Still, I want someone to remember even just one of my songs, especially when a night is too silent, and that old gray curls back around me like a shroud, making me wonder, again, if any song of mine will be worth recalling at all. In these moments, I try to think, again, of ladders and old shops.
*
Yeats died at two in the afternoon on the 28th of January, at 73 years of age. Just two days earlier, he had still been revising his work; he gave his spouse “corrections” for “Under Ben Bulben,” one of the poems—appositely about death—he had been constructing months before. For all his fears that he was at the end—of life, of inspired composition—Yeats produced prolifically in those final months. Somewhat creepily, he had likened the last few years of his life to a “second puberty,” in part because he was having relations with a bevy of much younger women and because he was writing a lot. In truth, his circus animals never deserted him; they weren’t there to begin with, at least not in the way the image might suggest, as he was able to weave the threads of his dreams into beautiful things that went far beyond some routine carnival attraction. He was selling himself short—but that was good. A writer, I always remember being told in a workshop, should hold arrogance in one hand and humility in the other; with only one or the other, we’re doomed to fail, but with a balance of both, we can survive, even prosper.
“In the middle of life it happens that death comes / and takes your measurements,” the Swedish poet Tomas Tranströmer wrote in “Black Postcards.” “This visit / is forgotten and life goes on.
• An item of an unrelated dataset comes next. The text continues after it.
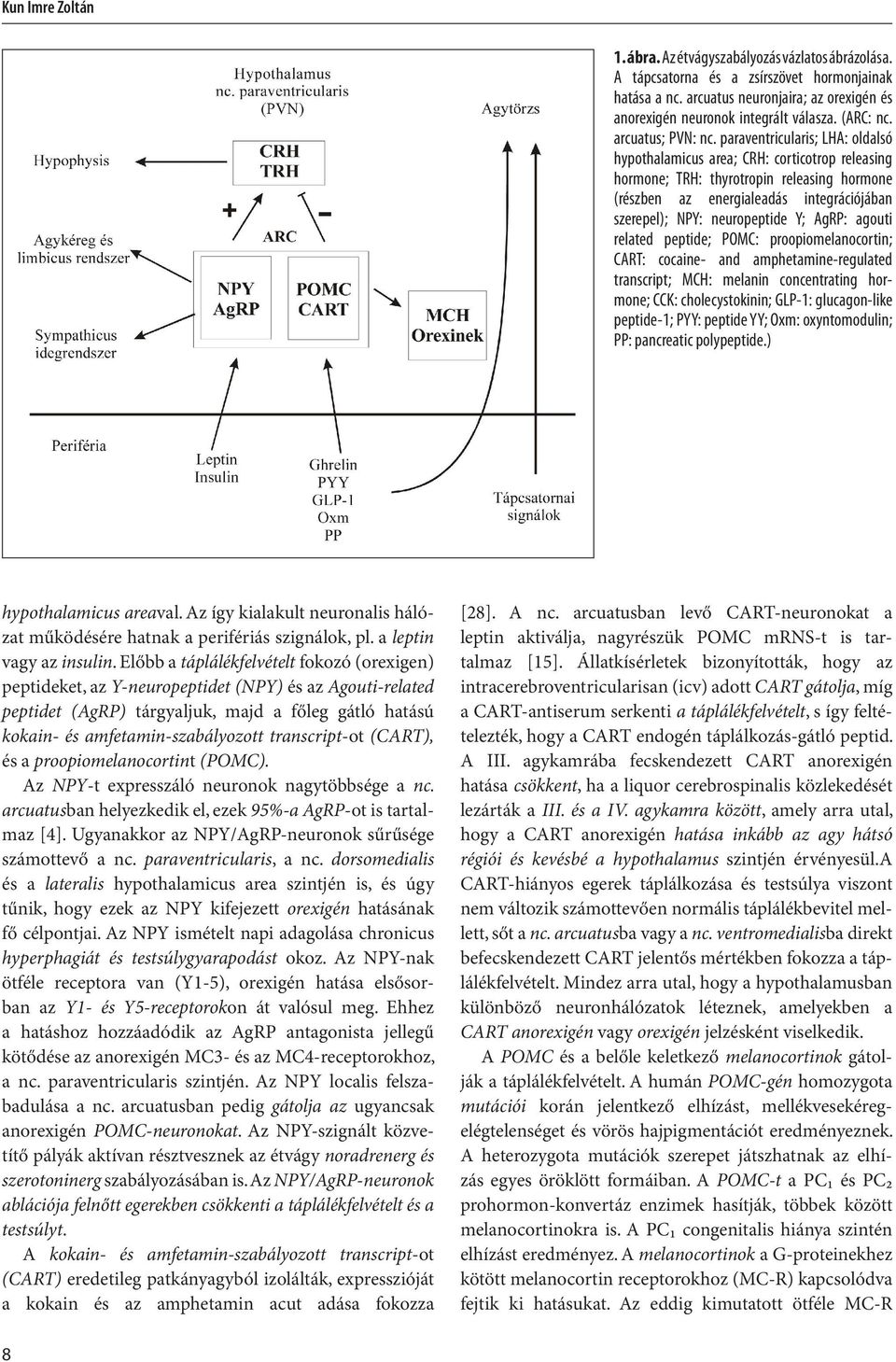 paraventricularis; LHA: oldalsó hypothalamicus area; CRH: corticotrop releasing hormone; TRH: thyrotropin releasing hormone (részben az energia leadás integrációjában szerepel); NPY: neuropeptide Y;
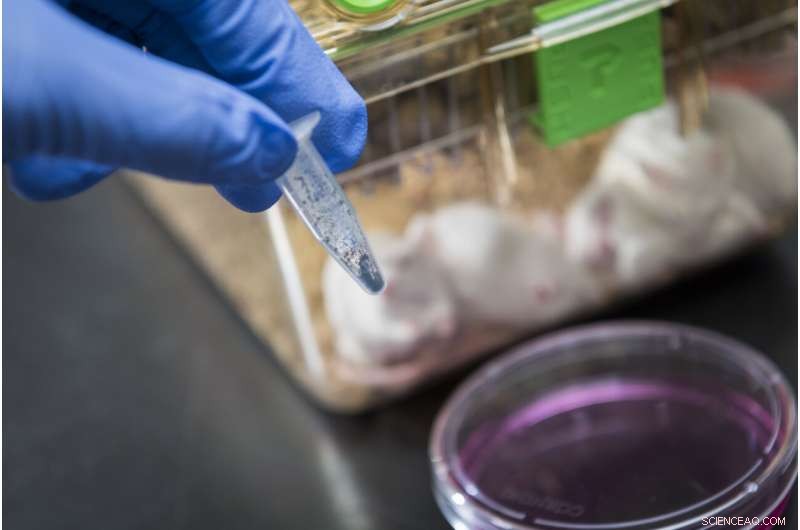 Red-Light-Activated Prodrug Cuts Tumor Growth While Minimizing Side Effects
But the suit is / sewn in the silence.” Yeats, who had made his songs into a grand garment already, as he wrote in “A Coat,” knew Death was taking down his measurements, and though he had not given up on life when she came for him, finally, he perhaps knew, too, that it was okay to put one arm, then another, through that final, funereal suit, for he had left this world his songs, for any and all to hear and wear, and for the wisest to acknowledge but ignore wearing, for they are working on their own cloths of song. He may have felt like a failure in moments before he walked off into that placeless place. It’s impossible to know, barring any postcards from the dead. But even as he began to feel Death’s finger entwined in his own, even as he listened to all the clocks of the world ticking that reminded him of his own failing health, he still wrote and wrote, failing at being the failure “Circus Animals,” his own poem of the twilight, suggested.
If anything, the poem seems almost ironically optimistic by virtue of how meaningful it is, telling us not to give in to failure, even when we feel our art and dreams have deserted us. Write, Yeats seems to say from his journey to that rag and bone shop, even when Death has brought your suit.